Projective Training Developer Guide

This guide shows how the (N, D) projective tuples flow through training and how they are decoded back to SCM values during inference.

Tuple Lifecycle

  • Encoding: Lift finite SCM values with φ(x) = (x, 1) and represent absorptive bottom as φ(⊥) = (1, 0) (or (s, 0) when sign metadata is tracked).
  • Detached renormalization: Keep tuples bounded with a stop-gradient scale: python S = sg(torch.sqrt(N ** 2 + D ** 2)) + gamma N_hat, D_hat = N / S, D / S sg(·) prevents gradients from leaking through the norm; gamma avoids division by zero when tuples sit on the equator.
  • Denominator anchoring (recommended): For finite-target regression heads, anchor denominators around 1 to avoid drift into tiny-but-nonzero values that amplify decoded ratios: python Q = 1 + delta_Q P, Q = projective.renormalize(P, Q, gamma=1e-9) This keeps the projective direction learnable while biasing the representation toward the finite chart.
  • Gradient flow: Autograd runs on (N_hat, D_hat). Losses that depend on decoded SCM values should decode after renormalization to avoid biasing the tuple scale.

Decoding Back to SCM

  • Inference decode: Use the inverse map φ⁻¹(N, D) = N / D when D ≠ 0; emit when D = 0. Apply any inference-time gap thresholds (e.g., |Q| < τ_infer) after decoding.
  • Bridge boundaries: When projective regions hand off to SCM-only layers, decode immediately after the last renormalization step to maintain the training distribution seen by downstream components.
  • Logging: Surface both the tuple norm ‖(N, D)‖ and the decoded SCM value in debug logs so divergence between training tuples and inference values is visible.

Minimal Training Skeleton

from zeroproof.autodiff import projective

# Forward: lift and renormalize
N, D = projective.encode(batch)              # φ(x)
N, D = projective.renormalize(N, D, gamma=1e-9)
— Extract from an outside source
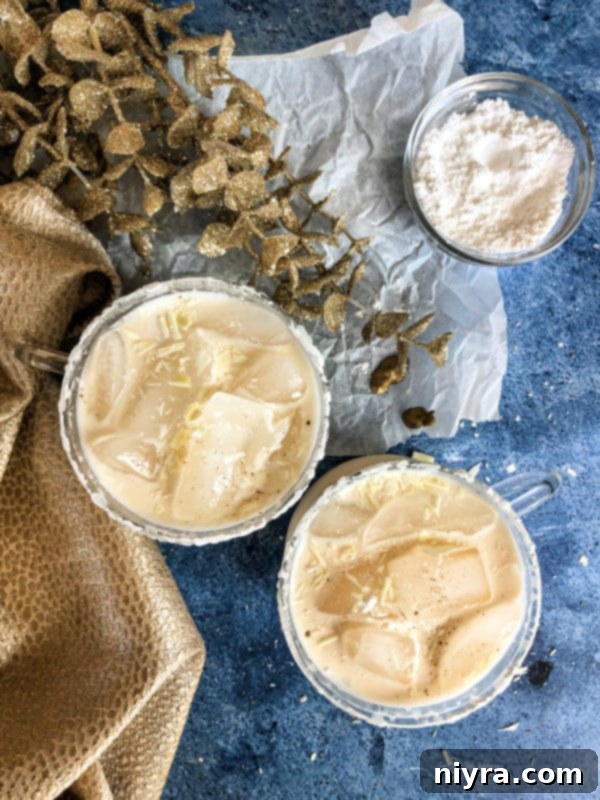 White Russian Cocktail with gold decorations blue background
# Losses on tuples or decoded SCM values
outputs = projective.decode(N, D)            # φ⁻¹(N, D)
loss = loss_fn(outputs, targets)
loss.backward()

# Inference: decode only
with torch.no_grad():
    outputs = projective.decode(N, D)

Keep a single renormalization site per forward pass to avoid scale drift, and ensure inference uses the same decode path invoked during training.
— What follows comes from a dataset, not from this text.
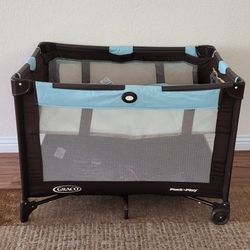 Practically New Graco Baby Playpen ( Used Once). Price Firm!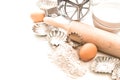 Flour, eggs, rolling pin and cookie cutters. Baking ingredients Royalty Free Stock Photo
Note on the Implicit Loss Scale

When using the implicit cross-product fit loss, use a detached squared-norm scale factor (not a square root):

cross = P * Y_d - Q * Y_n
scale_sq = sg(Q**2 * Y_d**2 + P**2 * Y_n**2) + gamma
loss = mean((cross**2) / scale_sq)

This matches the projective invariance contract described in 02_projective_learning.md and prevents scale-sensitive collapse modes.